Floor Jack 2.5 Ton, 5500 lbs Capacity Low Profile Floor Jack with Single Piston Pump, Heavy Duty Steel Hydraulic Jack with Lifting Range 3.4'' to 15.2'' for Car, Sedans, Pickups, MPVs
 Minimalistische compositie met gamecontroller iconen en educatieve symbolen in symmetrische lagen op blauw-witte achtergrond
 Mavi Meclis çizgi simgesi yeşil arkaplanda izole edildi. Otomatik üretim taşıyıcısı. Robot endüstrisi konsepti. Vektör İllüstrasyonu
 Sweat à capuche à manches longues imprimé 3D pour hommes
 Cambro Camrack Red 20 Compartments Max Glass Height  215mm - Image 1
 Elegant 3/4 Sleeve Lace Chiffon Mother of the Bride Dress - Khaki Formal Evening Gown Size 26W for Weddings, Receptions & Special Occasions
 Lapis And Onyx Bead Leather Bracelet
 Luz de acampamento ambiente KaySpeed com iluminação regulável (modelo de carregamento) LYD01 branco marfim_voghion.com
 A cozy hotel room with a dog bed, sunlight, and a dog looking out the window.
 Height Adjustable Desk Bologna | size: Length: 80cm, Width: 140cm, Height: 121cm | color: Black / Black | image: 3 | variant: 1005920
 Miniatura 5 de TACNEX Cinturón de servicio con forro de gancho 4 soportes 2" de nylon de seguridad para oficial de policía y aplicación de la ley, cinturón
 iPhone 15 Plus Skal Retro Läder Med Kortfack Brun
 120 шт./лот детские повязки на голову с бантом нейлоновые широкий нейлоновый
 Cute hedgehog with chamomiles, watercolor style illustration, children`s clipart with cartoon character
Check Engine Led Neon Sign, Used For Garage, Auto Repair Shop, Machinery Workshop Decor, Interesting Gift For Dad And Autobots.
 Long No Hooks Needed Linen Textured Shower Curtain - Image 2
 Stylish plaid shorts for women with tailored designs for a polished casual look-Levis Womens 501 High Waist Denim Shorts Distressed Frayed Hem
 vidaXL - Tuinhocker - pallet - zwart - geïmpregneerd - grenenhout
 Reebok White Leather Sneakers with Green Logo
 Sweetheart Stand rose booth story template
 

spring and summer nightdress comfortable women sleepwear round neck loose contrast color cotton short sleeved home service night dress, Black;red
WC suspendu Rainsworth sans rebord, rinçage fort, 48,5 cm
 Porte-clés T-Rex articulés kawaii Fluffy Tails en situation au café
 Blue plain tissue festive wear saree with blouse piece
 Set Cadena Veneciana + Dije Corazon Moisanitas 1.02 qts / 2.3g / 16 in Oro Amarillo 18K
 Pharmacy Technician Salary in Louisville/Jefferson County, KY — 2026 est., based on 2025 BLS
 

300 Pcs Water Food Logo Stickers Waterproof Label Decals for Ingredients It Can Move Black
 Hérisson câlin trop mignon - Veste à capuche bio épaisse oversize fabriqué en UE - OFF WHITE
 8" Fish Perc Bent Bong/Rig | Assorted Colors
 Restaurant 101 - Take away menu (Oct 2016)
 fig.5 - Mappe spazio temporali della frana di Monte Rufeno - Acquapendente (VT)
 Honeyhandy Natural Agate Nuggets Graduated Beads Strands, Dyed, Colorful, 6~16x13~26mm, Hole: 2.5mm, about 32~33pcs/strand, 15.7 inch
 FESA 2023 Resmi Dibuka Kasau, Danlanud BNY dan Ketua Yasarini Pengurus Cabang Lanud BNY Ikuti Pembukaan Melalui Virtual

What you have to do:
Find the word "Height" in the listing and copy each line that contains it.

Solution for this task:
 Cambro Camrack Red 20 Compartments Max Glass Height  215mm - Image 1
 Height Adjustable Desk Bologna | size: Length: 80cm, Width: 140cm, Height: 121cm | color: Black / Black | image: 3 | variant: 1005920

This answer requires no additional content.